_What you will do_.
For the records below, please print exactly and only the lines from the one with "Buy Men's Orange" down to the one with "2 LARGE BAGS", both ends included, omitting the pictures.

_Input_.
....

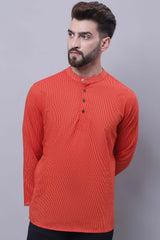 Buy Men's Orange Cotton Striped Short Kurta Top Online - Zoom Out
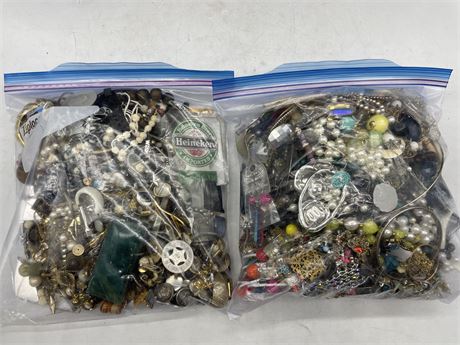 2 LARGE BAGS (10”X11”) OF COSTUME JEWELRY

....

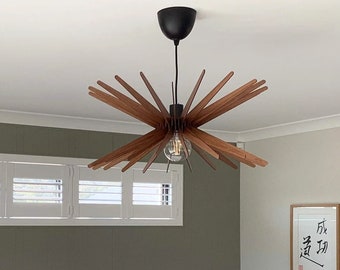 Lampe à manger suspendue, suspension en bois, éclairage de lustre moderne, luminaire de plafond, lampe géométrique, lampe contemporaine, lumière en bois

....

_Task answer_.
 Buy Men's Orange Cotton Striped Short Kurta Top Online - Zoom Out
 2 LARGE BAGS (10”X11”) OF COSTUME JEWELRY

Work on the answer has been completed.